"Learn of me; for I am meek and lowly in heart." (Matthew 11:28)The root of the word "learn" is furrow, track, footprint, follow the track or to last, meaning to endure or to go on.

The Oxford English Dictionary defines "learn" as "to acquire

knowledge of a subject or skill in an art as a result of study,

experience or teaching." "Learn" also means to receive instruction, to

be acquainted with or informed of something, to find out or to discover.

"Learn," or "learning," is used a number of different ways in the

scriptures. For example, sometimes it is used simply to mean learning

some fact or becoming aware of something you didn't already know.
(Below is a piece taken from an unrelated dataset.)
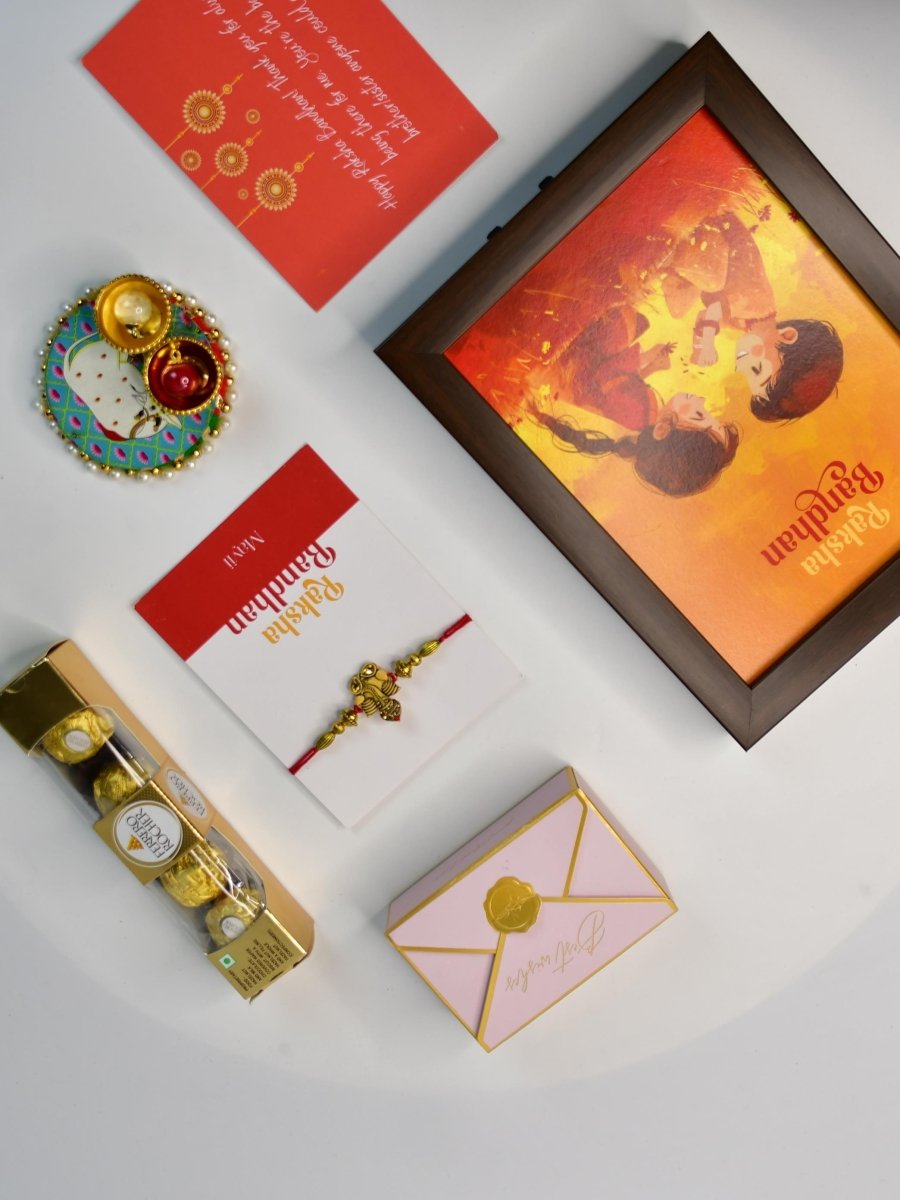 Sowpeace Exquisite Golden Ganesha Rakhi Pack of 1 with Roli Chawal Thali, Chocolates, Photo Frame and Greeting card combo for Raksha Bandhan and Gifting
Sometimes the term is used with respect to learning wisdom. For

example, in the book of Proverbs, Solomon is urged "to know wisdom and

instruction; to perceive the words of understanding; to receive the

instruction of wisdom, justice, and judgment, and equity ... a wise man

will hear and will increase learning" (Proverbs 1:2-5). We also read

from Proverbs that "the fear (reverence) of the Lord is the beginning

of knowledge: but fools despise wisdom and instruction" (Proverbs 1:7).

There is in the scriptures, however, a much deeper sense of the

word learn. Generally, this scriptural sense of learning means coming

to know the Savior and understanding the Atonement and our individual

obligations.

This type of learning has at least two components. First, there

is no learning without desire, effort, persistence and prayerful

consideration. Second, genuine learning requires meekness and

teachability. For we cannot learn if we think we already know. For

example, we discover that Lamoni's father "was greatly astonished at

the words which (Ammon) had spoken, and also at the words which had

been spoken by his son ... therefore he was desirous to learn them,"

and was willing to "give away all (his) sins to know (God)" (Alma

20:27; 22:18).

Of course, we are taught regularly that learning requires us to

ask, seek and knock. In other words, learning requires action and

effort on our part.

In Matthew 11, the Savior commands, "Come unto me, all ye that

labor and are heavy laden, and I will give you rest. Take my yoke upon

you, and learn of me; for I am meek and lowly in heart: and ye shall

find rest unto your souls. For my yoke is easy and my burden is light."

Taking upon us his yoke is uniquely related to the word "learn."

As noted, "learn," among other things, means to dig a furrow or to

follow a track. When we take his yoke upon us, it is as though we are

pulling a plow and digging a furrow. That is, we are learning by virtue

of being meek and pulling forward in the yoke just as oxen plow fields.